**TASK BRIEF:** The response must consist of the lines below from the one with "BasquetBocaJrs's tweet photo." through the one with "#DaleBoca 🔵🟡🔵 https://t.co/PHBA1GZLgb", exactly as they appear and with both ends kept.

**GIVEN DATA:**
+++
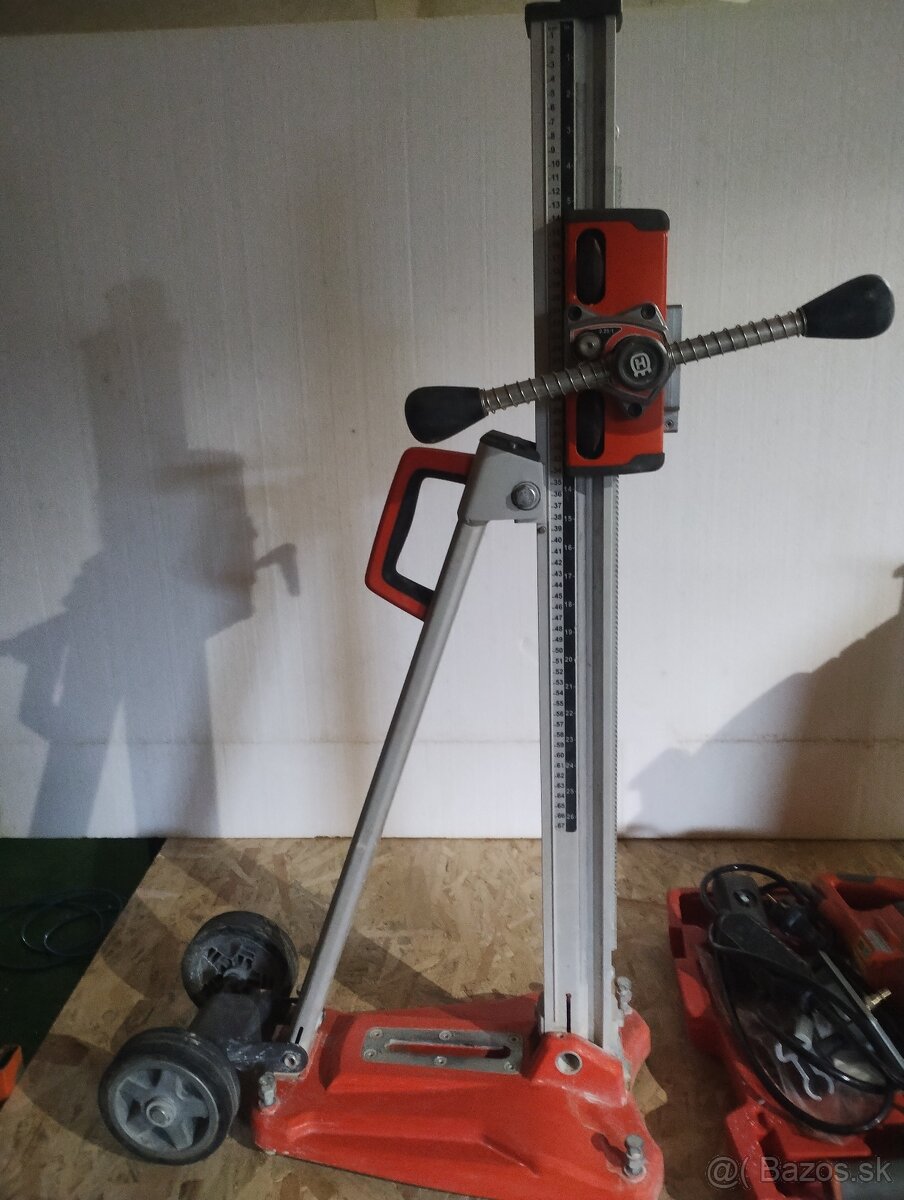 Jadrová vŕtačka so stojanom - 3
+++
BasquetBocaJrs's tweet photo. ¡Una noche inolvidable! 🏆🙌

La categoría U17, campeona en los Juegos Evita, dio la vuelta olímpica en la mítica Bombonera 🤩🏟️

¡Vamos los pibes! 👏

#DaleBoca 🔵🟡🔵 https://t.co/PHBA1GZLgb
+++
**EXPECTED OUTPUT:**
BasquetBocaJrs's tweet photo. ¡Una noche inolvidable! 🏆🙌

La categoría U17, campeona en los Juegos Evita, dio la vuelta olímpica en la mítica Bombonera 🤩🏟️

¡Vamos los pibes! 👏

#DaleBoca 🔵🟡🔵 https://t.co/PHBA1GZLgb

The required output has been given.